── MATERIAL FOR THIS TASK ──

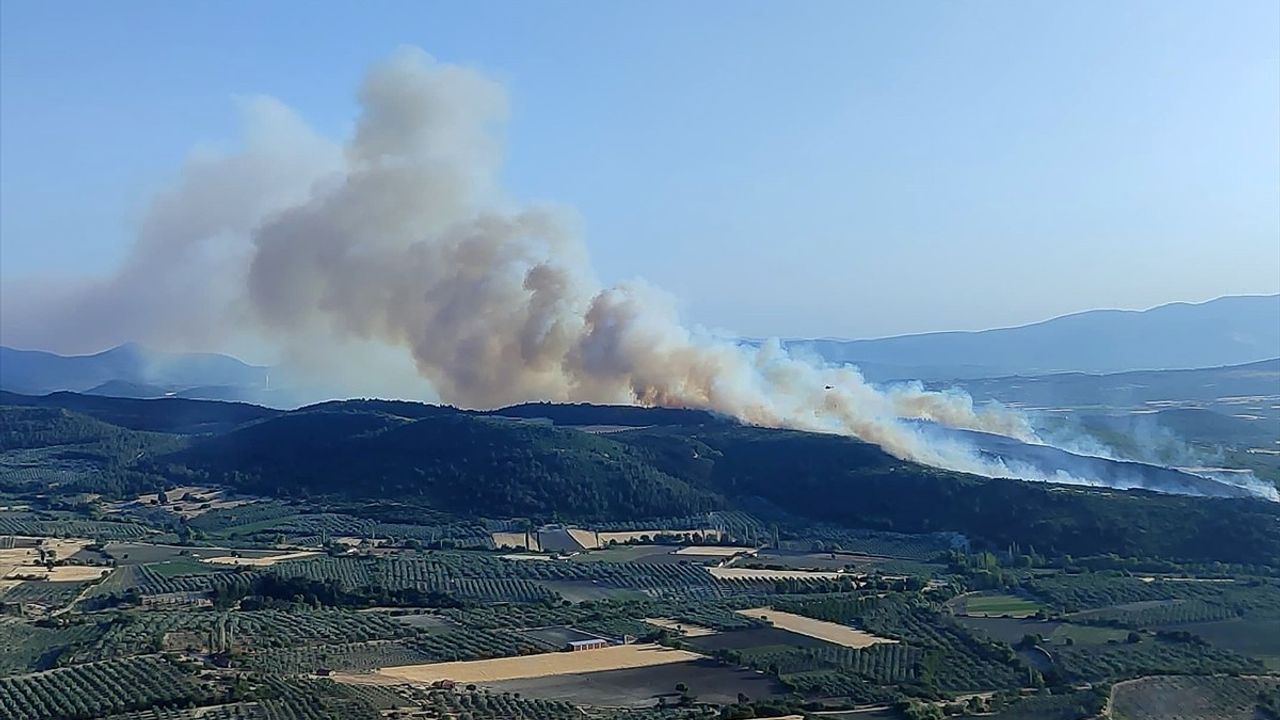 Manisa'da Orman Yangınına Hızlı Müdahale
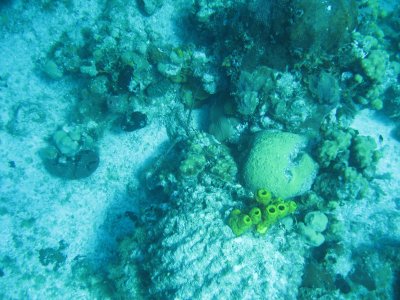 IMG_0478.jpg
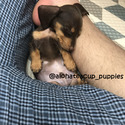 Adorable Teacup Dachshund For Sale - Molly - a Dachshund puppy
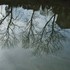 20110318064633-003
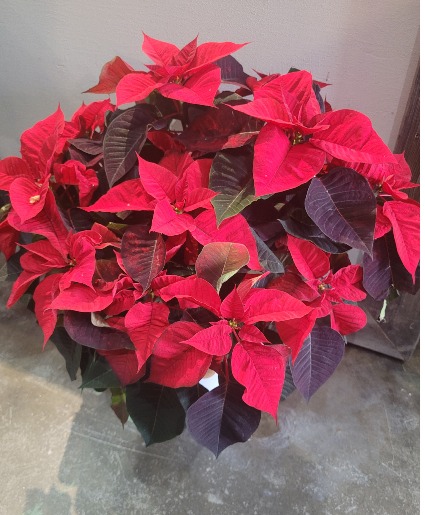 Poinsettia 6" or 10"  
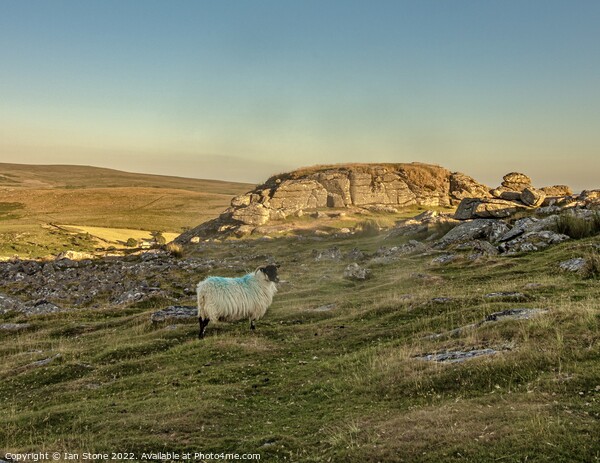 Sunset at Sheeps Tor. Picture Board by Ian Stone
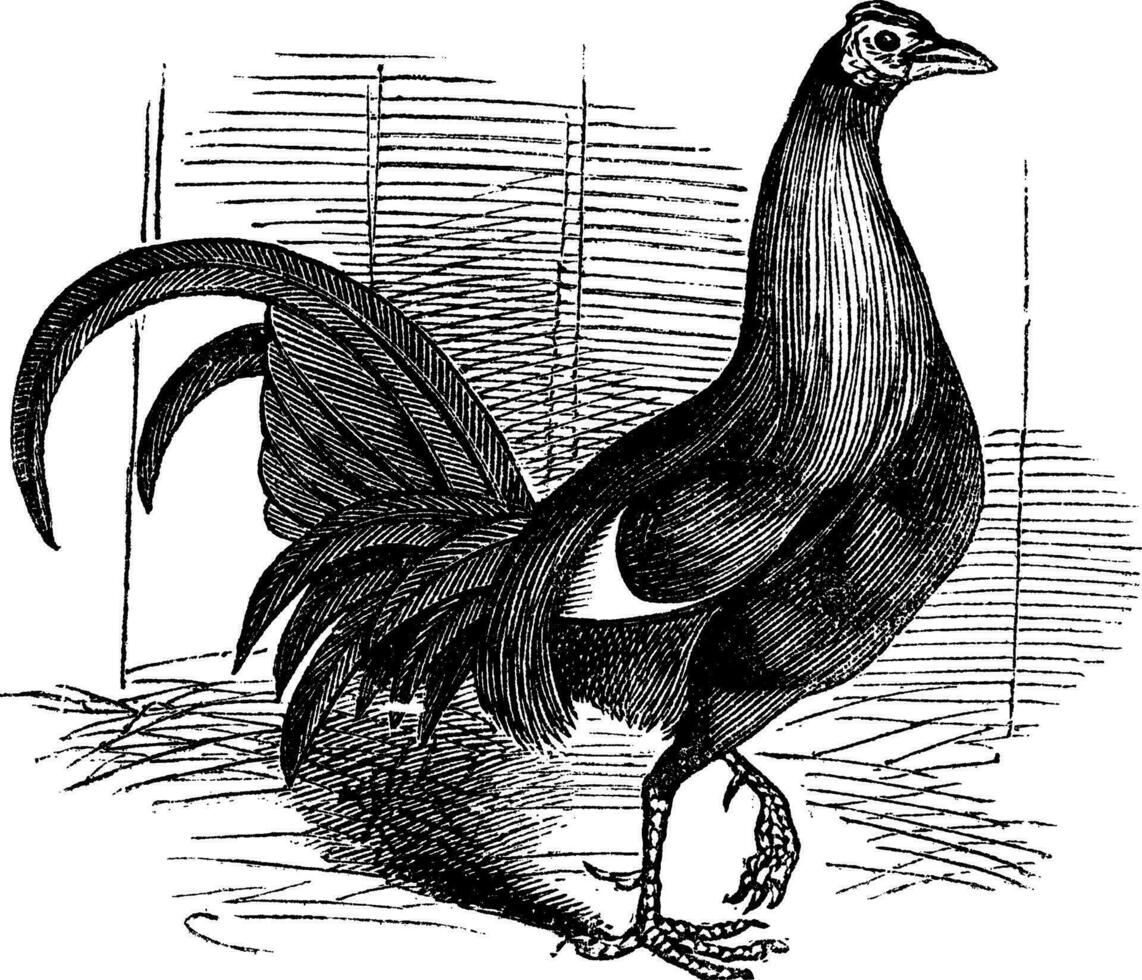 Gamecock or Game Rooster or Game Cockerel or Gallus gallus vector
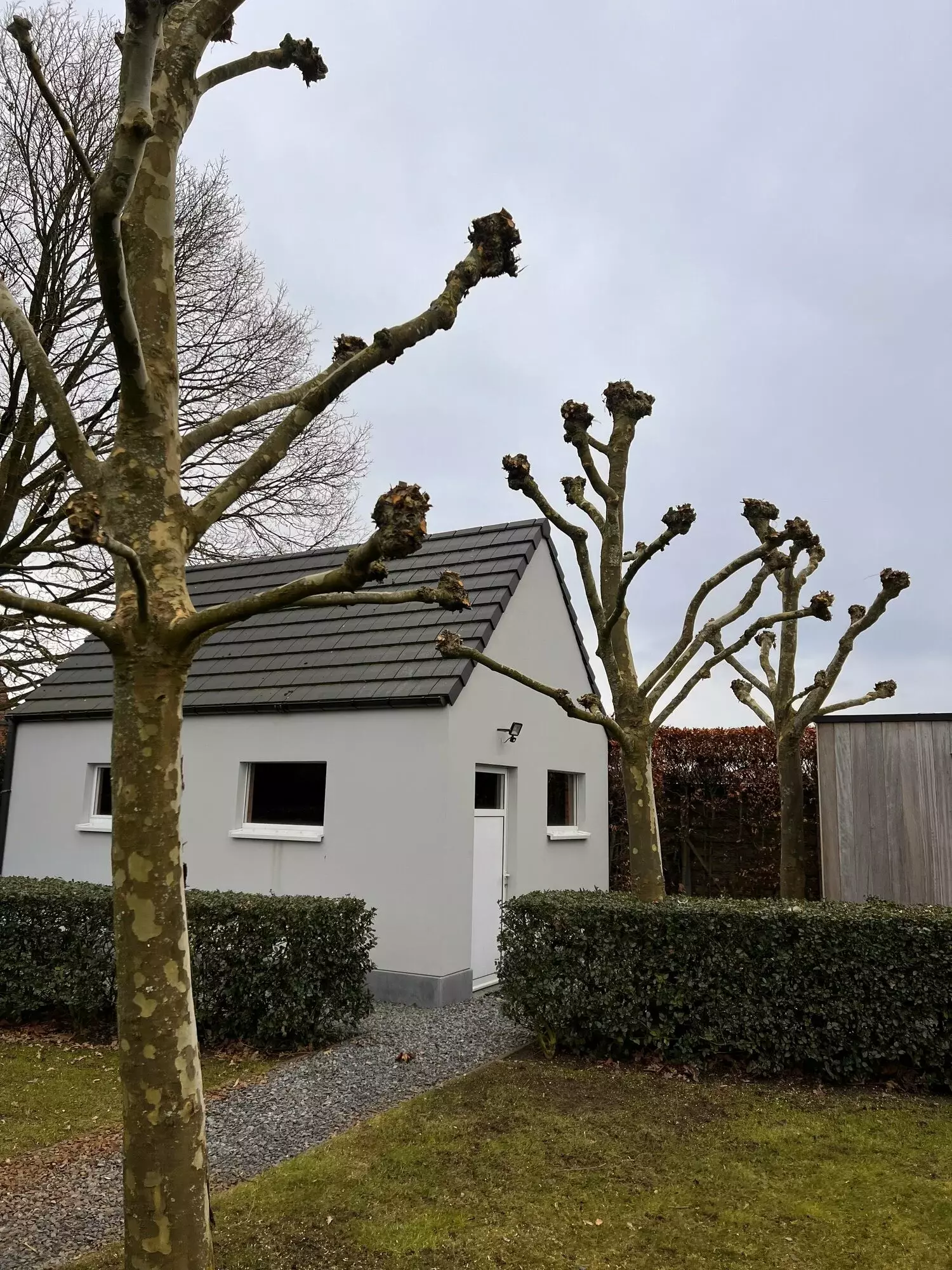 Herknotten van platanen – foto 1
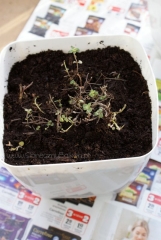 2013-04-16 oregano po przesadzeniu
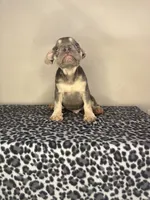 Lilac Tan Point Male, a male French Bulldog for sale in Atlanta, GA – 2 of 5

───
── MATERIAL FOR THIS TASK ──

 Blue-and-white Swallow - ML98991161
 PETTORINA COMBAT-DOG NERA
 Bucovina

───
── MATERIAL FOR THIS TASK ──

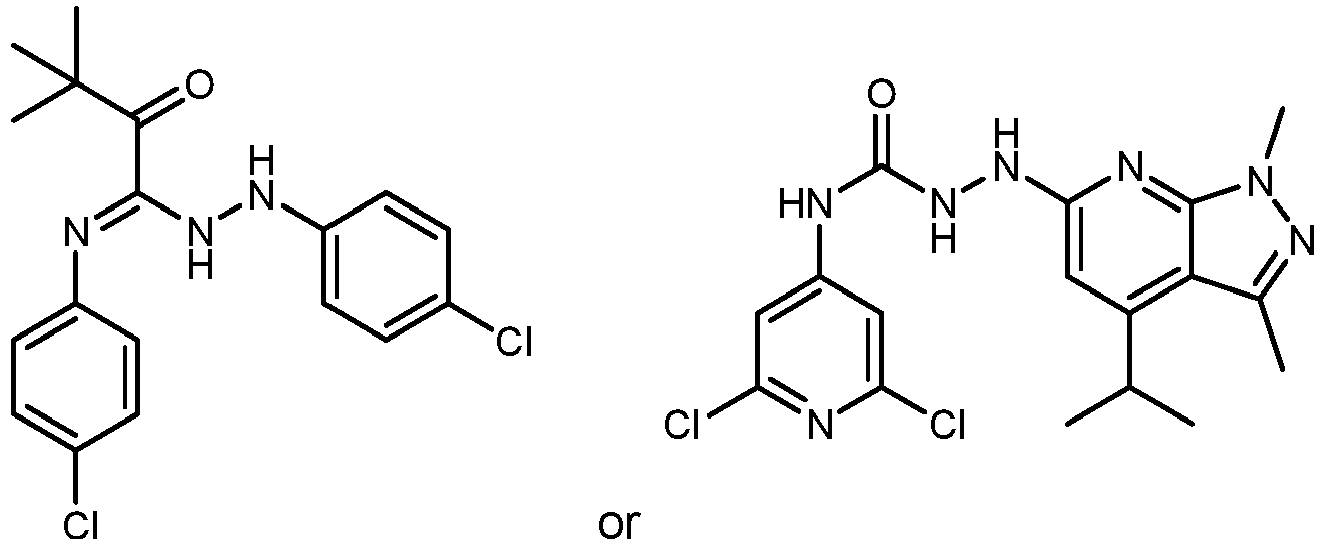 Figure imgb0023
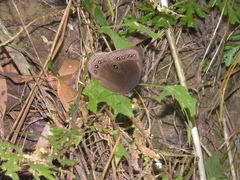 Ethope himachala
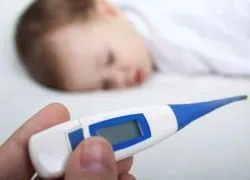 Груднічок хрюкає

───

PROBLEM TO WORK ON = Above are some records. Reproduce the lines from the one with "Adorable Teacup Dachshund" down to the one with "Lilac Tan Point", keeping both, and leave every picture out.

TASK SOLUTION =
 Adorable Teacup Dachshund For Sale - Molly - a Dachshund puppy
 20110318064633-003
 Poinsettia 6" or 10"  
 Sunset at Sheeps Tor. Picture Board by Ian Stone
 Gamecock or Game Rooster or Game Cockerel or Gallus gallus vector
 Herknotten van platanen – foto 1
 2013-04-16 oregano po przesadzeniu
 Lilac Tan Point Male, a male French Bulldog for sale in Atlanta, GA – 2 of 5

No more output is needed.